Lab 2 — Vectorizing persistence diagrams¶

Goal. Take diagrams from Lab 1, compute persistence landscapes and persistence images, and use them as features for a sklearn classifier that distinguishes the three point-cloud types.

What you ship. Notebook with two classifiers (one on landscapes, one on images) and a confusion matrix for each.
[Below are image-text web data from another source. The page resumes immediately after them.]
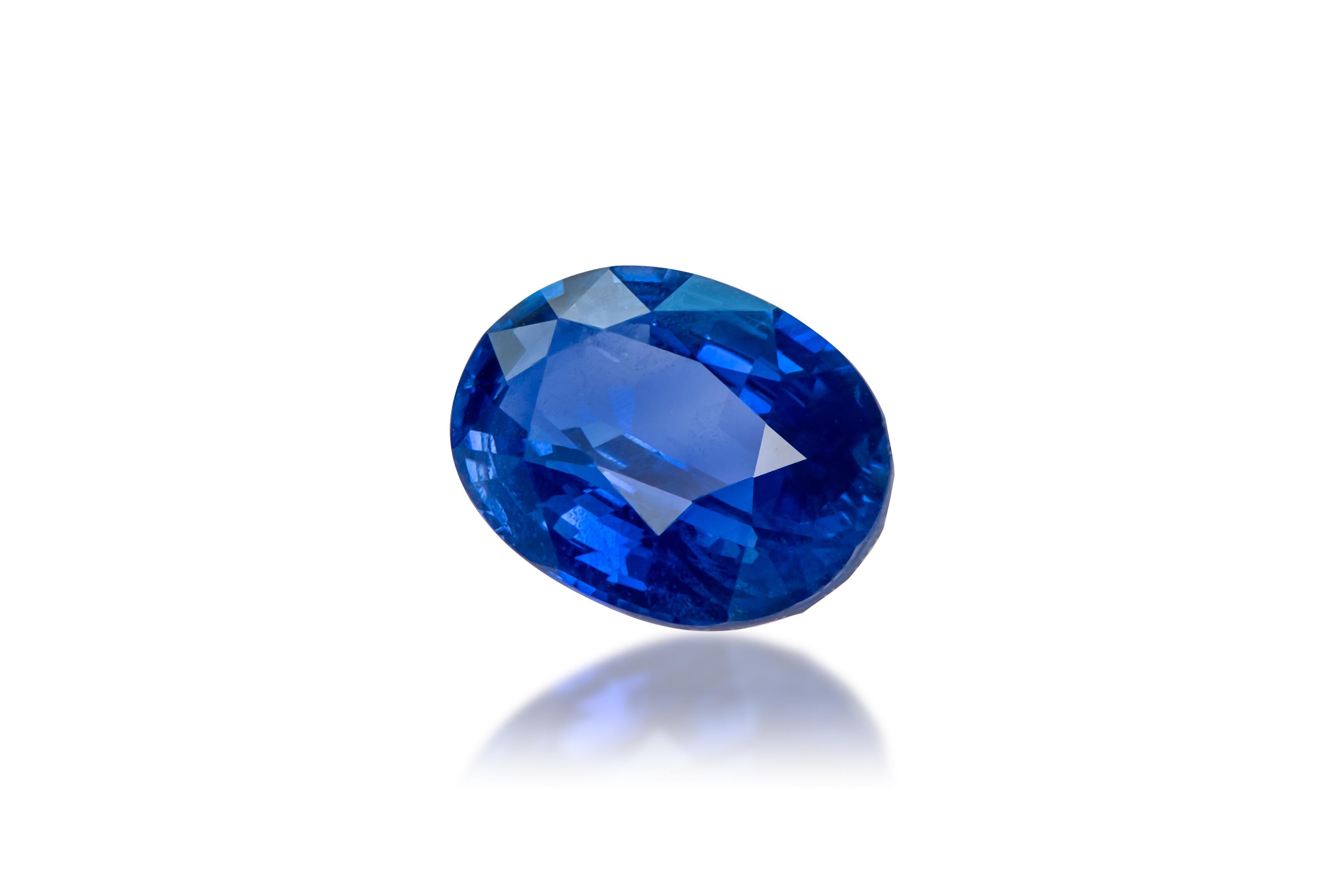 Sapphire : Blue 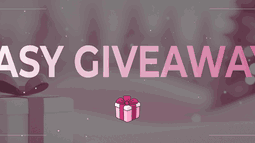 Easy Giveaway Discord Bot Banner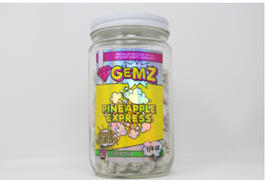 Cali Canna Gemz (3.5g) - Pineapple Express Review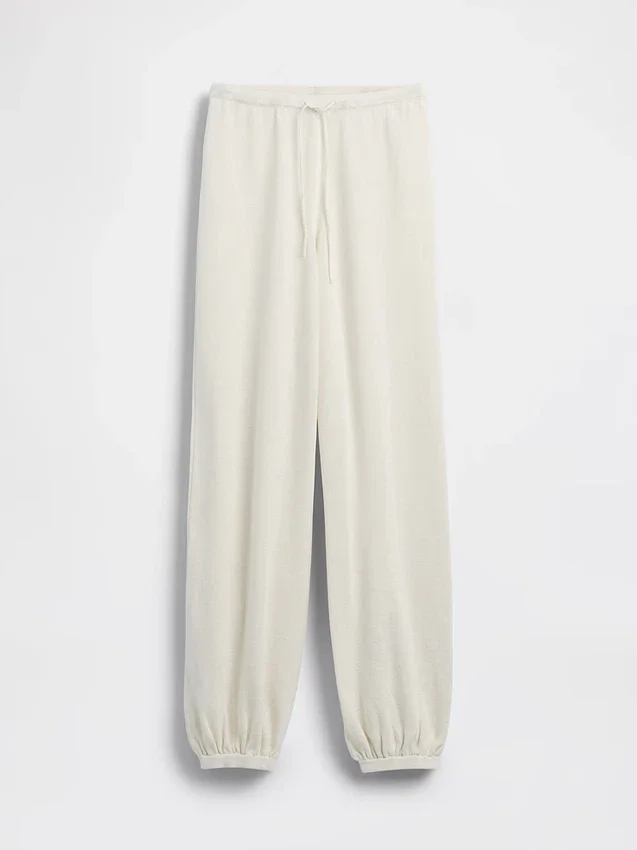 100% katoenen joggingtrui in relaxte stijl
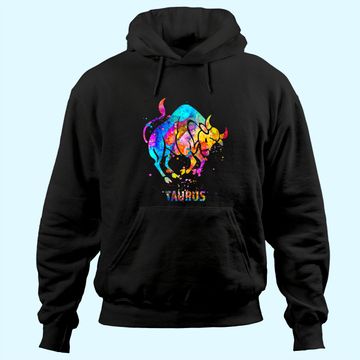 Discover Taurus Zodiac Sign Hoodie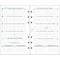EXA Recharge Exatime 17 Semaine par Page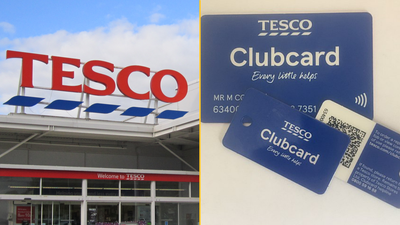 Tesco shoppers with Clubcards issued final warning today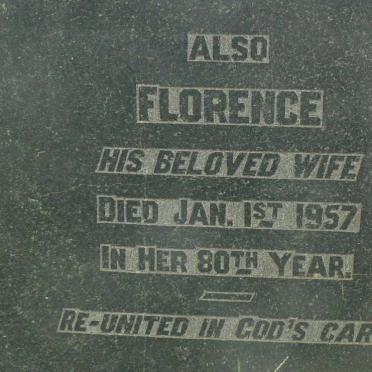 SMITH Florence -1957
Plus a 200-word memo on which vectorization works best on this dataset and why.

Setup¶

Install the dependencies (one-time).

In [ ]:
# !pip install ripser persim scikit-learn matplotlib numpy
In [ ]:
import numpy as np
import matplotlib.pyplot as plt
from ripser import ripser
from persim import PersistenceImager, plot_diagrams
from persim.landscapes import PersLandscapeApprox, plot_landscape_simple
from sklearn.linear_model import LogisticRegression
from sklearn.model_selection import train_test_split
from sklearn.metrics import classification_report, confusion_matrix

rng = np.random.default_rng(42)

Datasets — 90 point clouds, three classes (30 each)¶

In [ ]:
def noisy_circle(n=200, r=1.0, noise=0.05, seed=None):
    r_rng = np.random.default_rng(seed)
    theta = r_rng.uniform(0, 2*np.pi, n)
    pts = np.column_stack([r*np.cos(theta), r*np.sin(theta)])
    return pts + noise * r_rng.normal(size=pts.shape)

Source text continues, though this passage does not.